*** Supplied records ***
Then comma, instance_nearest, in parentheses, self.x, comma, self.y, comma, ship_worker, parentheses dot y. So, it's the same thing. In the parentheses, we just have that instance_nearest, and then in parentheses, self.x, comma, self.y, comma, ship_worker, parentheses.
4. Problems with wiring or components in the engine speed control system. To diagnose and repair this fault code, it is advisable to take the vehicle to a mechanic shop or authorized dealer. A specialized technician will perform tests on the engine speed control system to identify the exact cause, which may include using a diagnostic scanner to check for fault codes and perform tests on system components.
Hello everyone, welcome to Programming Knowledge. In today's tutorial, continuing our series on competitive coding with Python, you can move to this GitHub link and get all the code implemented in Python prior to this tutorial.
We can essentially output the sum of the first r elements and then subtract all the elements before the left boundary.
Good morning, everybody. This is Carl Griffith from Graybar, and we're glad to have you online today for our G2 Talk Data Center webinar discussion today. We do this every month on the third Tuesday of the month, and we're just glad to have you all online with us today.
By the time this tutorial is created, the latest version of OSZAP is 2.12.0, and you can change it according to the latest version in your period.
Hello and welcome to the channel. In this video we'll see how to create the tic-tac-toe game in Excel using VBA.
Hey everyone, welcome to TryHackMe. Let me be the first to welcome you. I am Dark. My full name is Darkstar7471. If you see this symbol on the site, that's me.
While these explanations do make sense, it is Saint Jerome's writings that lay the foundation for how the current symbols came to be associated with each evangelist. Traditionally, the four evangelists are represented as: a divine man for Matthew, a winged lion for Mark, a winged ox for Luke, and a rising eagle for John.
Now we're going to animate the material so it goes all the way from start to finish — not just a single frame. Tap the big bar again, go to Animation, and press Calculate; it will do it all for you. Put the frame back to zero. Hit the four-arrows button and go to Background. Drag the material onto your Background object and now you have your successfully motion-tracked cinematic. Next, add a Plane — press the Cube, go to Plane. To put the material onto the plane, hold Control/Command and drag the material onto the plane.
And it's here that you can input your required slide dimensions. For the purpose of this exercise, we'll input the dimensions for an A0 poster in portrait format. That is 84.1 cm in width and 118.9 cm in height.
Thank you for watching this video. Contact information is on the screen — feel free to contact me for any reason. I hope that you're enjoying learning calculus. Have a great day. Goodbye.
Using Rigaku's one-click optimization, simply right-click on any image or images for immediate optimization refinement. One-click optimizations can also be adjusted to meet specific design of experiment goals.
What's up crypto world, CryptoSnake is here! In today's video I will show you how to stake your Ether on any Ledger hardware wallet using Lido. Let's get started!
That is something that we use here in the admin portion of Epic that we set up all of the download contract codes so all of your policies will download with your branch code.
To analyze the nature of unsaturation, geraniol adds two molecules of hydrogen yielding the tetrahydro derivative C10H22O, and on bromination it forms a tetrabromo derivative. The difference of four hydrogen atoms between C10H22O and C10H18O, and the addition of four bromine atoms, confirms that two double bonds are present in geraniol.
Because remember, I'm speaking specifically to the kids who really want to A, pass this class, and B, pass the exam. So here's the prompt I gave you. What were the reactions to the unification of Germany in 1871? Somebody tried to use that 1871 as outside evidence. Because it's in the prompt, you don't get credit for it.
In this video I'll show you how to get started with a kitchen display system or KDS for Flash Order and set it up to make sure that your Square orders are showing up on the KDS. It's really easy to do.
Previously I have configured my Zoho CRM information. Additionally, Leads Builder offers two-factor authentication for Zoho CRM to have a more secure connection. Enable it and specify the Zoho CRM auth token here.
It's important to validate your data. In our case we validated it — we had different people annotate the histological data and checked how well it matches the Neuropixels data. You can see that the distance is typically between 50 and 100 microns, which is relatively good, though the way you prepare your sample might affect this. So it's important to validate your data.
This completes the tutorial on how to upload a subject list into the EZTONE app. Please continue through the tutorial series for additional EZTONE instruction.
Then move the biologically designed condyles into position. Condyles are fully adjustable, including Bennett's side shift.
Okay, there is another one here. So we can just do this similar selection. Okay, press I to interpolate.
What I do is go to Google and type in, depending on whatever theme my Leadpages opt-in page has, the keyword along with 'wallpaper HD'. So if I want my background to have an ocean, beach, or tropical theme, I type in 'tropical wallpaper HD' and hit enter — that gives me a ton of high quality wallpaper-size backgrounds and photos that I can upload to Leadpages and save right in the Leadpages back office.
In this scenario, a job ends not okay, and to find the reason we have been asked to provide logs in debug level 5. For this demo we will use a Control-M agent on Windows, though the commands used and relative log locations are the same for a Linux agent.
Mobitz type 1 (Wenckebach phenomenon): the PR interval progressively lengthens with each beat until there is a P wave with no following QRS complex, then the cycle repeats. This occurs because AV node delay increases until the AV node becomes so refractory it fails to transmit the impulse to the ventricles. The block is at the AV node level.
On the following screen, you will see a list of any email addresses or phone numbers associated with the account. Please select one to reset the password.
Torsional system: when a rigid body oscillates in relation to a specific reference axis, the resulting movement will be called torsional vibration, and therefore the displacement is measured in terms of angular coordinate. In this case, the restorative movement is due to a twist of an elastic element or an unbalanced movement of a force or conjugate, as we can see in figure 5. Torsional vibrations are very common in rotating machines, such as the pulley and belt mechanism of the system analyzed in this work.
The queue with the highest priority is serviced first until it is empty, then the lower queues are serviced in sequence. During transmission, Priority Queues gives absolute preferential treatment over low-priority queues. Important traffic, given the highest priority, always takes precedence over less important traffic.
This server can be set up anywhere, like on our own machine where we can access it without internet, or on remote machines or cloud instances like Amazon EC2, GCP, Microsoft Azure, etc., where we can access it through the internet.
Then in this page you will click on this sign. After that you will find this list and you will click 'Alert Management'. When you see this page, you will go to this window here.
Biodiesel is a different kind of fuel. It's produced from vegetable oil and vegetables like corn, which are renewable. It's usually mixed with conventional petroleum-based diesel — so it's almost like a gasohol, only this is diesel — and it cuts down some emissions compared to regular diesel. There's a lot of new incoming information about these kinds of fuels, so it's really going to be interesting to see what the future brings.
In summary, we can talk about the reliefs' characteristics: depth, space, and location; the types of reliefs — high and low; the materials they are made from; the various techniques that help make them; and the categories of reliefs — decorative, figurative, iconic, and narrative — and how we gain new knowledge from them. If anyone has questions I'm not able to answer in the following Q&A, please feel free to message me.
*** End of Supplied records ***
Exercise objective:
Find the line with "And it's here" in the entries above. Retype it and each line after it, exactly, through the line with "Using Rigaku's one-click", and stop there.

Answer to this task:
And it's here that you can input your required slide dimensions. For the purpose of this exercise, we'll input the dimensions for an A0 poster in portrait format. That is 84.1 cm in width and 118.9 cm in height.
Thank you for watching this video. Contact information is on the screen — feel free to contact me for any reason. I hope that you're enjoying learning calculus. Have a great day. Goodbye.
Using Rigaku's one-click optimization, simply right-click on any image or images for immediate optimization refinement. One-click optimizations can also be adjusted to meet specific design of experiment goals.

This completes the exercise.